:: Exercise brief ::
Pictures excluded, reproduce exactly the lines below from the one with "属牛冬月十五出生的命运解析与人生启示" through the one with "Photo 5 of Commercial", both included.

:: Records provided ::

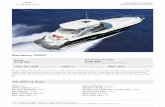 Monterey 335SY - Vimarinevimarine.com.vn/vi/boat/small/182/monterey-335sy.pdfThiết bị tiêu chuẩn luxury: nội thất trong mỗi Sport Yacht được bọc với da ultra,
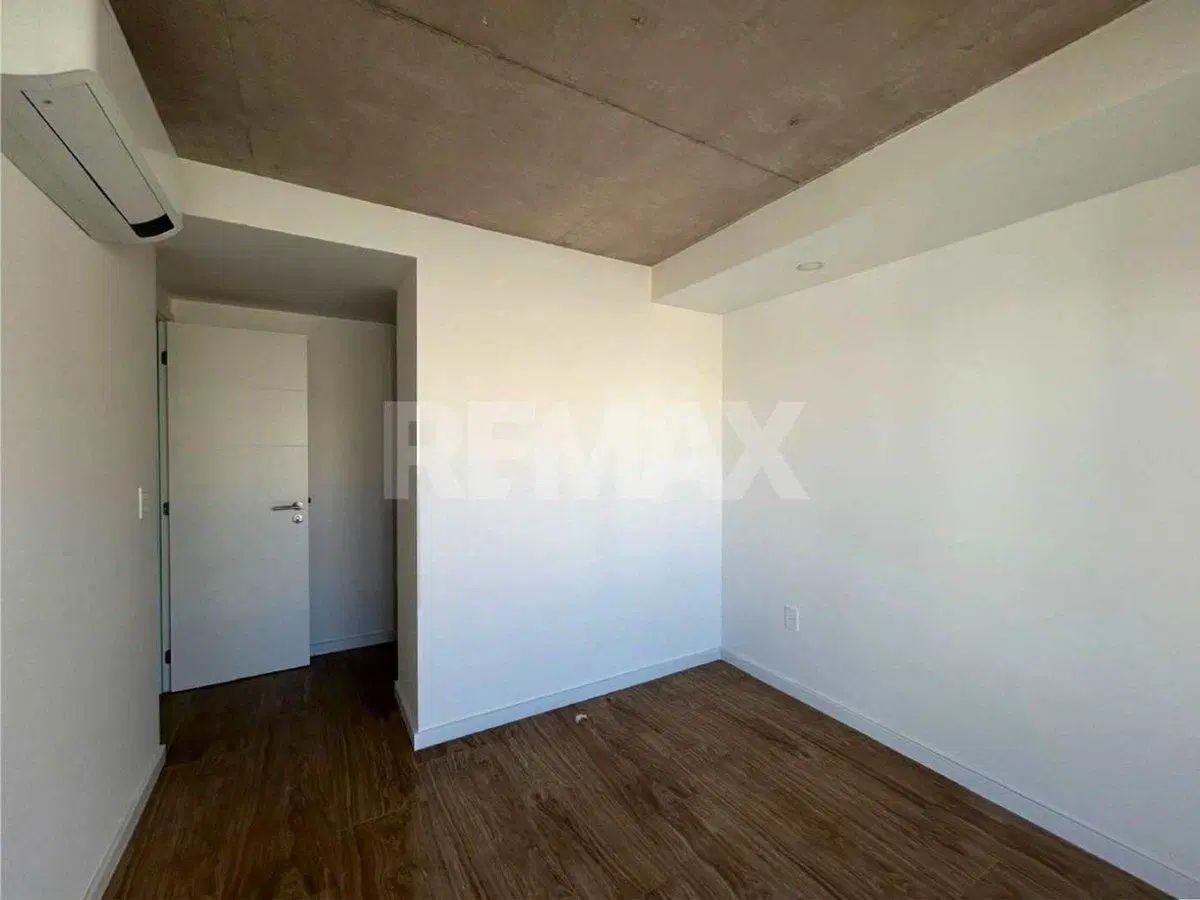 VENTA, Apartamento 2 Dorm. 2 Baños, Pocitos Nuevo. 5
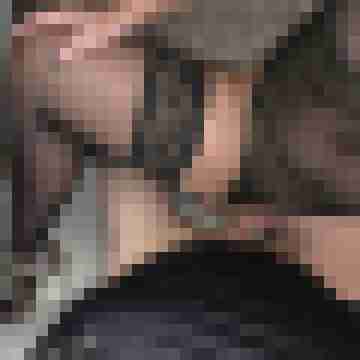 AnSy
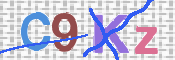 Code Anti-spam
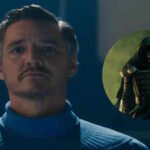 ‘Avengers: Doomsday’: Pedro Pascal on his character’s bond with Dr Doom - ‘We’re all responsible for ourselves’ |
---
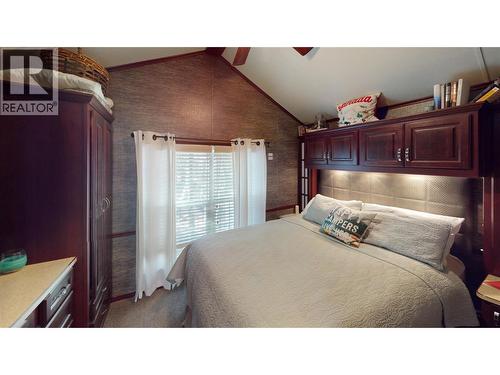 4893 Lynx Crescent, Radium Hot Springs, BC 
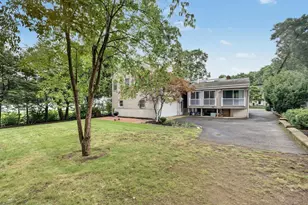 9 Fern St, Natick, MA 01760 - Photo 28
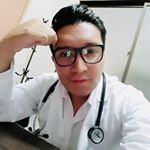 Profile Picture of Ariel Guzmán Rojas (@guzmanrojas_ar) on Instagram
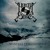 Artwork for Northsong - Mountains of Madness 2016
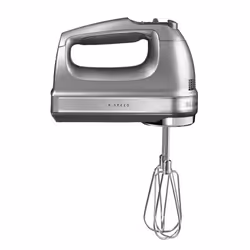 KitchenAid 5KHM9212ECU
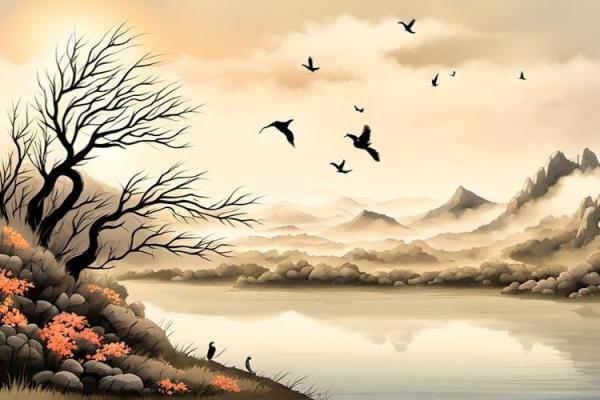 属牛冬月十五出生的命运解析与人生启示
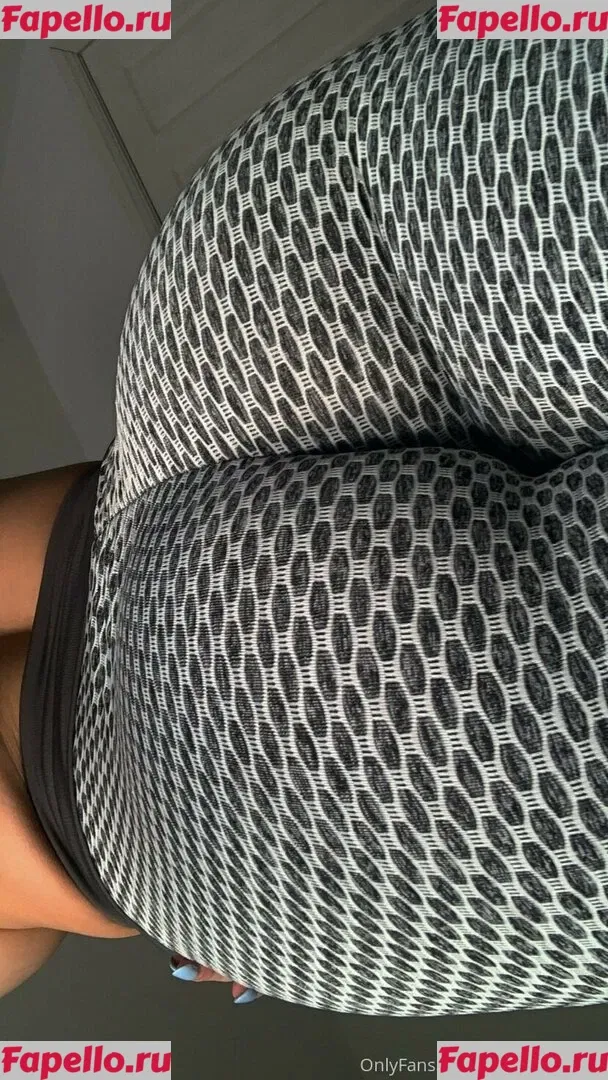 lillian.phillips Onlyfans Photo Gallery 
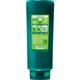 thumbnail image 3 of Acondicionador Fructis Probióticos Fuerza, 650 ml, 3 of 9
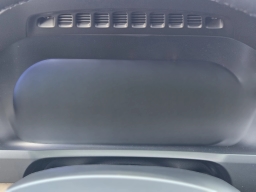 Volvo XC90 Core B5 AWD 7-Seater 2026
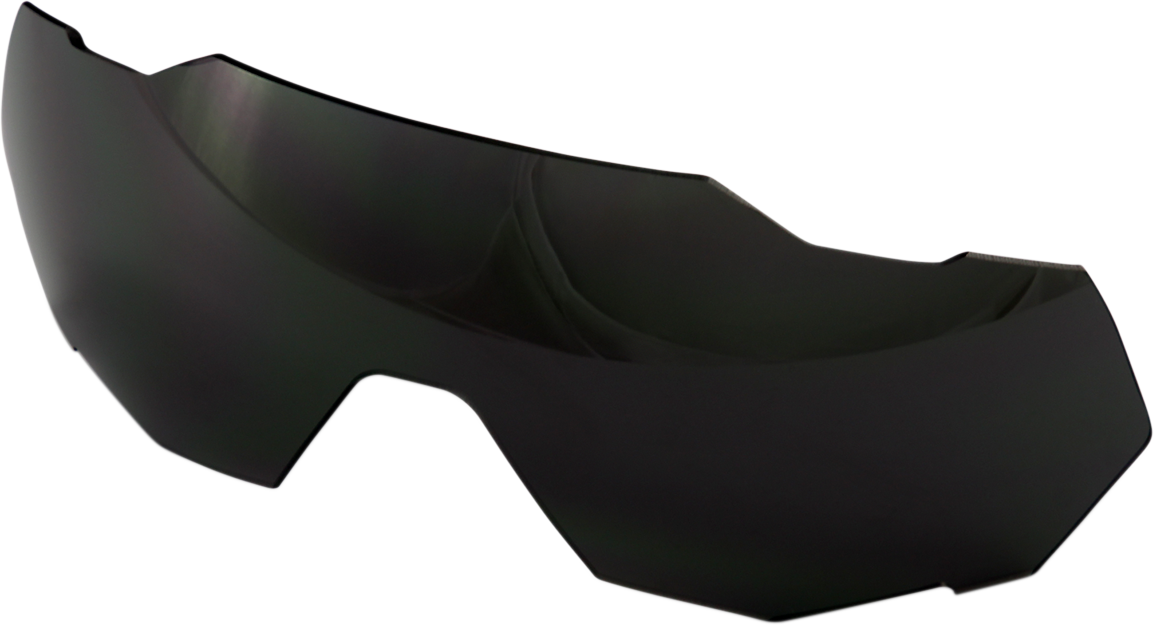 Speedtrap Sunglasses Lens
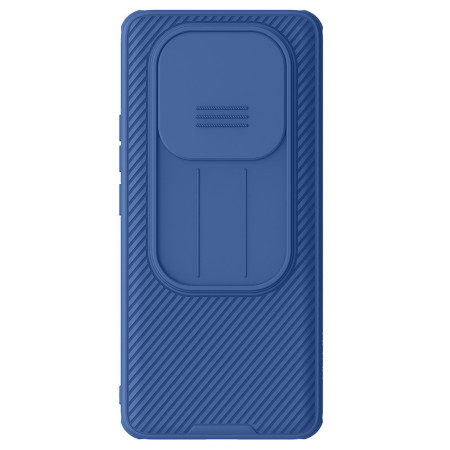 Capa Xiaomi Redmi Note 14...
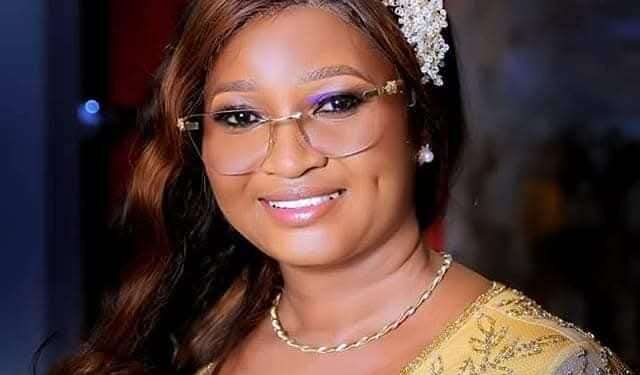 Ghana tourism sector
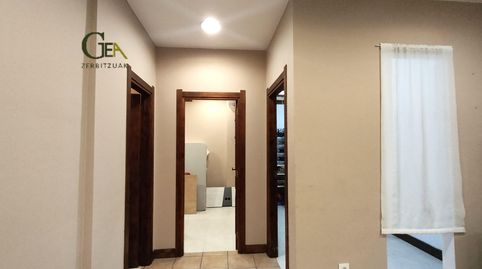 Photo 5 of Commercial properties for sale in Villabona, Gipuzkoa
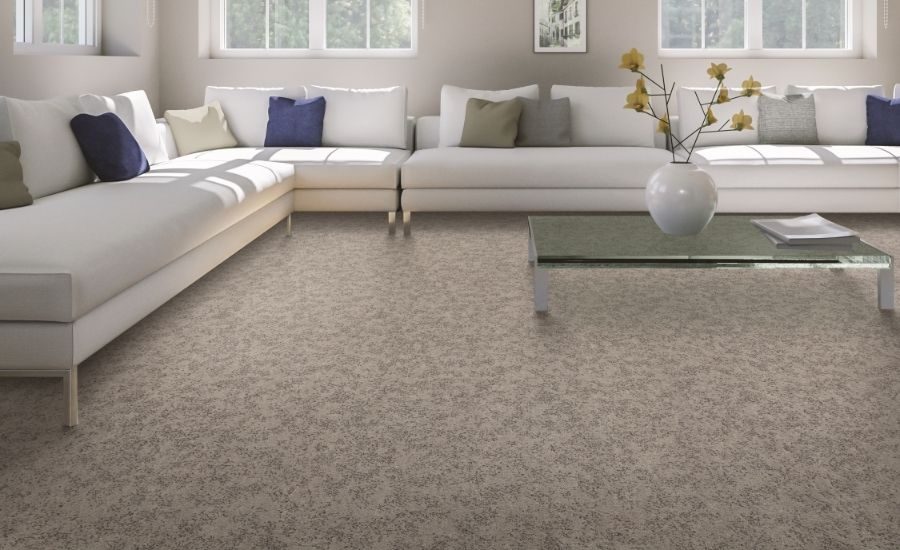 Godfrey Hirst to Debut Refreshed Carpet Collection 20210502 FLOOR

:: Answer for this exercise ::
 属牛冬月十五出生的命运解析与人生启示
 lillian.phillips Onlyfans Photo Gallery 
 thumbnail image 3 of Acondicionador Fructis Probióticos Fuerza, 650 ml, 3 of 9
 Volvo XC90 Core B5 AWD 7-Seater 2026
 Speedtrap Sunglasses Lens
 Capa Xiaomi Redmi Note 14...
 Ghana tourism sector
 Photo 5 of Commercial properties for sale in Villabona, Gipuzkoa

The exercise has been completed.